# Sound skipping on DVD's?



## Ourff (Jan 13, 2007)

Whenever I try to play a DVD, the sound skips. I've tried several different programs, but they all skip. The sound works fine when I play music or other videos that are already on my computer. 

Does anyone have any idea what the problem could be? If it helps, I'm using Windows XP. 

Thanks in advance.


----------



## JohnWill (Oct 19, 2002)

First stop, try looking in Device Manager. Pick the IDE channel your drives are on, and select Properties, Advanced Settings and check the mode the drive is running in. It should be *Ultra DMA Mode 2* or better.


----------



## Ourff (Jan 13, 2007)

JohnWill said:


> First stop, try looking in Device Manager. Pick the IDE channel your drives are on, and select Properties, Advanced Settings and check the mode the drive is running in. It should be *Ultra DMA Mode 2* or better.


Ok, I just tried that. It says, "Current Transfer Mode: Not Applicable?"


----------



## JohnWill (Oct 19, 2002)

That's the wrong channel in that case. It will have a transfer mode if a device is connected.


----------



## Ourff (Jan 13, 2007)

JohnWill said:


> That's the wrong channel in that case. It will have a transfer mode if a device is connected.


I found one called "Secondary IDE Channel," and it says, "Current Transfer Mode: PIO Mode?" The other five have the same thing that I mentioned in my other post.


----------



## JohnWill (Oct 19, 2002)

OK, the PIO mode is the problem. DMA Reverts to PIO gives some solutions to this issue.


----------



## Ourff (Jan 13, 2007)

JohnWill said:


> OK, the PIO mode is the problem.

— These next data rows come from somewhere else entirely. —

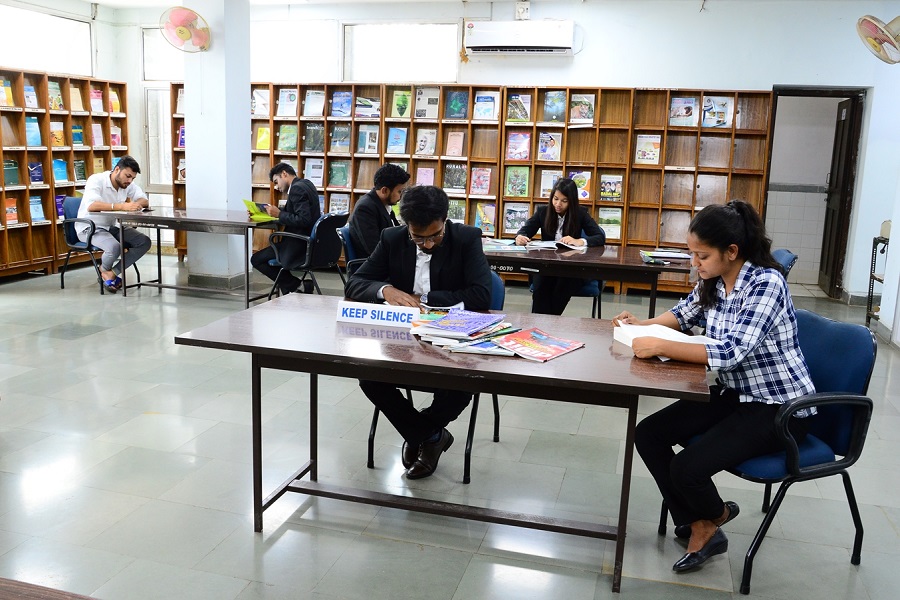 IIFM Bhopal Library(1)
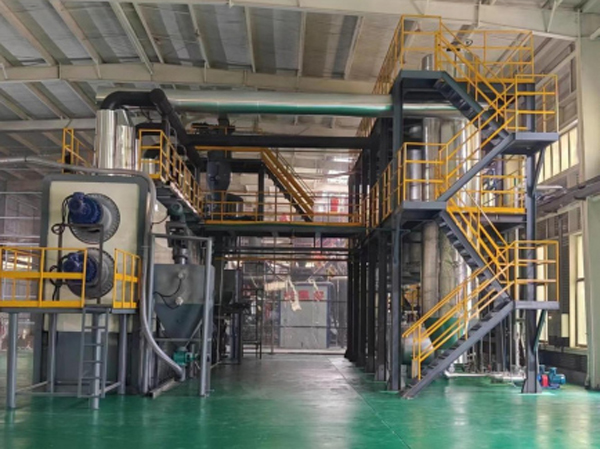 Proceso continuo de fabricación mediante pirólisis de llantas usadas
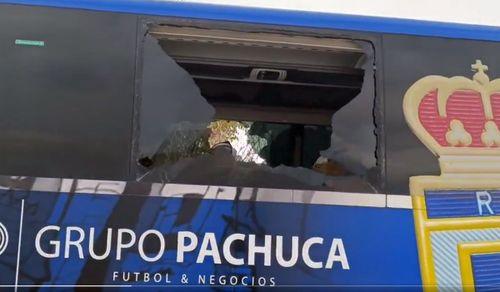 Autocarul echipei lui Daniel Paraschiv, Real Oviedo, atacat cu pietre înaintea meciului din Cupa Spaniei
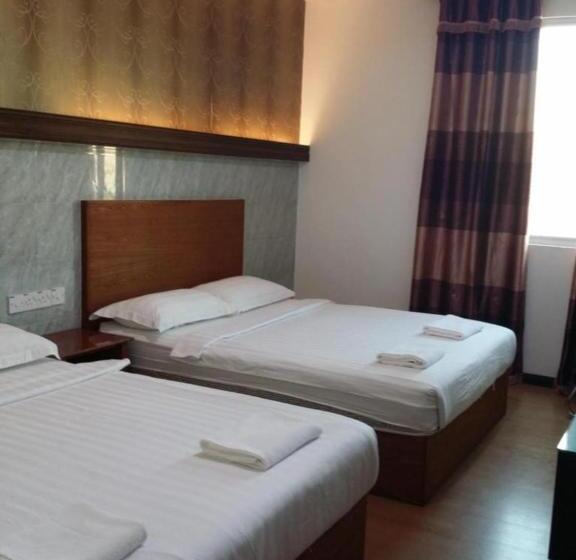 غرفة عائلية, Maxi Inn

DMA Reverts to PIO gives some solutions to this issue.


That worked. Thank you!

I have one more question: After I did that, the sound stopped being as loud as it used to be, even with the speakers all the way up and the volume on Itunes all the way up, it's not loud. Is there anything I can do to fix that?


----------



## linskyjack (Aug 28, 2004)

Check your volume control---Accessories/Entertainment/Volume Control.


----------



## JohnWill (Oct 19, 2002)

If you double-click the volume control on the taskbar, you'll get to the audio settings, see if one of the controls are turned down.


----------